Mit der Agenda 2010 wurde die Höhe der Renten an das Verhältnis zwischen Einzahlern und Empfängern gekoppelt. Gibt es also viele Alte und wenig Junge, sinkt das Rentenniveau. Diese Reform trug maßgeblich zu mehr Generationengerechtigkeit bei. Martin Schulz möchte nun die Solidarrente einführen. Sie soll alle begünstigen, die mindestens 35 Jahre in die gesetzliche Rente eingezahlt haben, aber mit ihrer Rente nur auf das Niveau der Grundsicherung kommen. Gerade einmal drei Prozent der über 65-Jährigen beziehen derzeit die Grundsicherung.
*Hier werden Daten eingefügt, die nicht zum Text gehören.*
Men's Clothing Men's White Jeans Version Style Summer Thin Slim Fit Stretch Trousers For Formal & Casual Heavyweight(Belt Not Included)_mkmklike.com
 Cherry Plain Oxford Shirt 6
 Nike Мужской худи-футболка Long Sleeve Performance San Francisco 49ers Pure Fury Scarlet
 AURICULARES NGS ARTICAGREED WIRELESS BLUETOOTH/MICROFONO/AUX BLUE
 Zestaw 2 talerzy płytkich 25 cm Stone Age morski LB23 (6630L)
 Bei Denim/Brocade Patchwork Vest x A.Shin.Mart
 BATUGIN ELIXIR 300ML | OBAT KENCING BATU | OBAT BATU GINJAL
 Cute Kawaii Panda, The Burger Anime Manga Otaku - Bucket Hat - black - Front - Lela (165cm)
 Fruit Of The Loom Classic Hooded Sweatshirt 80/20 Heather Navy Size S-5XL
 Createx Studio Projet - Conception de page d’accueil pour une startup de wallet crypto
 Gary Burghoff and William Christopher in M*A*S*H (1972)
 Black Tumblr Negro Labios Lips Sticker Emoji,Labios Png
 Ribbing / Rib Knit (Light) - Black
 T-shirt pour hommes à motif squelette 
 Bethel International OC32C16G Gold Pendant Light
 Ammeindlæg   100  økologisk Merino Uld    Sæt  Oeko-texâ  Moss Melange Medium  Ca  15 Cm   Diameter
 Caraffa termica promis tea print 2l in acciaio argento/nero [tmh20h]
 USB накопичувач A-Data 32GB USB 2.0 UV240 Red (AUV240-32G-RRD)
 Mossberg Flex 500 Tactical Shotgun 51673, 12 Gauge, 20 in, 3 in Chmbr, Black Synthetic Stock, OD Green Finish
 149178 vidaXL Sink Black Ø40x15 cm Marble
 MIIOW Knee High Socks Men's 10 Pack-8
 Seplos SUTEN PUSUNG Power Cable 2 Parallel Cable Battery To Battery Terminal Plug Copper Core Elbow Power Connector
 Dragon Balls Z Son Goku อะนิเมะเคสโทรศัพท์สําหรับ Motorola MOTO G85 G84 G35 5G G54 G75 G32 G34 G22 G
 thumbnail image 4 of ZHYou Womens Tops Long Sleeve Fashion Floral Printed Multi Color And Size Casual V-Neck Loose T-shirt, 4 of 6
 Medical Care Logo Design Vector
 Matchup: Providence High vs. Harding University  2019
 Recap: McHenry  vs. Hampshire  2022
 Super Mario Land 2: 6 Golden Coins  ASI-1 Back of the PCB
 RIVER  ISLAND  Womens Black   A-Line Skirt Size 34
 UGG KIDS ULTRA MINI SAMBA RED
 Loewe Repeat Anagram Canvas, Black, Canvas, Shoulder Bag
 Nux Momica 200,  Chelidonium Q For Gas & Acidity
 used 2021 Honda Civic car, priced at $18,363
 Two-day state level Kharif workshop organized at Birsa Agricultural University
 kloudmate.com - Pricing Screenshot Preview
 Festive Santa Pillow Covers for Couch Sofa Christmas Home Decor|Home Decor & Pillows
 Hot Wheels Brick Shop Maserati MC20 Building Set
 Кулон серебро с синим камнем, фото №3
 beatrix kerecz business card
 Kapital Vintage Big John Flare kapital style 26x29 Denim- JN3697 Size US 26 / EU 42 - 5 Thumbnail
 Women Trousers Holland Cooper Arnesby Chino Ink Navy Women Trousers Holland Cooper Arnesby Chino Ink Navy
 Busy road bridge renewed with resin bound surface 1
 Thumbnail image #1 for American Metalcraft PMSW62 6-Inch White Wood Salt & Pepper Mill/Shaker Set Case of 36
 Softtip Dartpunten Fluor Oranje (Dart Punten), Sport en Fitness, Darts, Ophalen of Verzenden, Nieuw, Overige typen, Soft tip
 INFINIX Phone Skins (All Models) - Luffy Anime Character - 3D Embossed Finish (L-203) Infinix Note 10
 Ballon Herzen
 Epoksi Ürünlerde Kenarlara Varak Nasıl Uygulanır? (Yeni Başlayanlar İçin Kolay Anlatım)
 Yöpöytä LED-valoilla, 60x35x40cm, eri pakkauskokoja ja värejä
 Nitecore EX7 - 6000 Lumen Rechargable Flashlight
Die Solidarrente sieht vor, noch einmal 10 Prozent auf die Grundsicherung draufzuschlagen, ohne Bedürfnisprüfung, das heißt ohne zu prüfen, ob die Menschen das Geld tatsächlich brauchen. Somit würde auch die Arztgattin, die ihr Leben lang nur in Teilzeit gearbeitet hat, in den Genuss der Solidarrente kommen, obwohl sie diese zur finanziellen Absicherung gar nicht benötigt. Die Solidarrente soll aus Steuermitteln finanziert werden und pro Jahr ca. vier Milliarden Euro kosten.

Arbeitslosengeld Q

Ein neuer Vorschlag von Martin Schulz sieht vor das Arbeitslosengeld I auf maximal 48 Monate zu verlängern, wenn die Arbeitssuchenden an Qualifikationsmaßnahmen teilnehmen. Für welche Fähigkeiten, sie qualifiziert werden sollen, muss die Agentur für Arbeit entscheiden. Die wirklichen Experten dafür, nämlich die vom Fachkräftemangel betroffenen Unternehmen, sind außen vor. Dabei wissen sie aus eigener Erfahrung, was Arbeitnehmer mitbringen müssen, um bei ihnen in Beschäftigung zu kommen.

Fazit

Anstatt die 11 Milliarden Euro in der Arbeitslosenversicherung für noch mehr Sozialleistungen auszugeben, sollte man den Beitrag senken. Dem Arbeitnehmer bliebe dann mehr Nettogehalt übrig. Dieser Vorgang ist in der Rentenversicherung gängige Praxis: Sind die Kassen voll, wird der Beitrag gesenkt und jeder Beitragszahler hat etwas davon. So einfach geht soziale Gerechtigkeit.
Schulz‘ Forderungen nach einer Reform der Agenda 2010 dient in erster Linie dem eigenen Partei-Klientel. Mehr Geld für soziale Wohltaten ausgeben, an dessen Erwirtschaften nicht gedacht wird, ist jedoch ein Ritt auf der Rasierklinge. Die Finanzierung von sozialen Geschenken hängt an einem gut laufenden Arbeitsmarkt. Den haben wir zwar im Moment. Er wird aber zunehmend von Sonderfaktoren wie dem niedrigen Ölpreis und dem schwachen Euro gestützt. Fallen diese Faktoren weg, wird es eng. Wir brauchen auch weiterhin einen starken Arbeitsmarkt, doch mit seinen Reformideen bewirkt Martin Schulz genau das Gegenteil. Er vergisst, dass Arbeit das beste Mittel gegen Armut ist.